Hi,
I am trying to use the OpenMP4 backend with GCC 7.4 on Ubuntu 18.04, but it is not working.
I have modified example/vectorAdd/src/vectorAdd.cpp to use AccCpuOmp4:
diff --git a/example/vectorAdd/src/vectorAdd.cpp b/example/vectorAdd/src/vectorAdd.cpp
index b14f0198ba49..d9d47b5819fd 100644
--- a/example/vectorAdd/src/vectorAdd.cpp
+++ b/example/vectorAdd/src/vectorAdd.cpp
@@ -95,7 +95,7 @@ auto main()
// - AccCpuOmp4
// - AccCpuTbbBlocks
// - AccCpuSerial
- using Acc = alpaka::acc::AccCpuSerial<Dim, Idx>;
+ using Acc = alpaka::acc::AccCpuOmp4<Dim, Idx>;
using DevAcc = alpaka::dev::Dev<Acc>;
using PltfAcc = alpaka::pltf::Pltf<DevAcc>;
Then I tried building it with
mkdir example/vectorAdd/build
cd example/vectorAdd/build
cmake ..
make
cmake seems happy enough:
-- The C compiler identification is GNU 7.4.0
-- The CXX compiler identification is GNU 7.4.0
-- Check for working C compiler: /usr/bin/cc
-- Check for working C compiler: /usr/bin/cc - works
-- Detecting C compiler ABI info
-- Detecting C compiler ABI info - done
-- Detecting C compile features
-- Detecting C compile features - done
-- Check for working CXX compiler: /usr/bin/c++
-- Check for working CXX compiler: /usr/bin/c++ - works
-- Detecting CXX compiler ABI info
-- Detecting CXX compiler ABI info - done
-- Detecting CXX compile features
-- Detecting CXX compile features - done
-- Found TBB: /usr/include (found suitable version "2019.0", minimum required is "2.2")
-- Found OpenMP_C: -fopenmp (found version "4.5")
-- Found OpenMP_CXX: -fopenmp (found version "4.5")
-- Found OpenMP: TRUE (found version "4.5")
-- Looking for pthread.h
-- Looking for pthread.h - found
-- Performing Test CMAKE_HAVE_LIBC_PTHREAD
-- Performing Test CMAKE_HAVE_LIBC_PTHREAD - Failed
-- Looking for pthread_create in pthreads
-- Looking for pthread_create in pthreads - not found
-- Looking for pthread_create in pthread
-- Looking for pthread_create in pthread - found
-- Found Threads: TRUE
-- Found CUDA: /usr/local/cuda (found suitable version "10.2", minimum required is "9.0")

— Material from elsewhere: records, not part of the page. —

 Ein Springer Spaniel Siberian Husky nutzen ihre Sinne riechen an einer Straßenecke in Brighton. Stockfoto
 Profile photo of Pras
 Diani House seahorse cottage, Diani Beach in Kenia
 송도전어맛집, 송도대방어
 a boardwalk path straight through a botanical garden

-- ALPAKA_ACC_CPU_B_SEQ_T_SEQ_ENABLED
-- ALPAKA_ACC_CPU_B_SEQ_T_THREADS_ENABLED
-- ALPAKA_ACC_CPU_B_TBB_T_SEQ_ENABLED
-- ALPAKA_ACC_CPU_B_OMP2_T_SEQ_ENABLED
-- ALPAKA_ACC_CPU_B_SEQ_T_OMP2_ENABLED
-- ALPAKA_ACC_CPU_BT_OMP4_ENABLED
-- ALPAKA_ACC_GPU_CUDA_ENABLED
-- Found alpaka: /home/fwyzard/src/alpaka/alpaka/include (found version "0.5.0")
-- Configuring done
-- Generating done
-- Build files have been written to: /home/fwyzard/src/alpaka/alpaka/example/vectorAdd/build
but make fails with
[ 50%] Building NVCC (Device) object CMakeFiles/vectorAdd.dir/src/vectorAdd_generated_vectorAdd.cpp.o
Scanning dependencies of target vectorAdd
[100%] Linking CXX executable vectorAdd
lto1: internal compiler error: bytecode stream: expected tag fixed_point_type instead of error_mark
Please submit a full bug report,
with preprocessed source if appropriate.
See <https://gcc.gnu.org/bugs/> for instructions.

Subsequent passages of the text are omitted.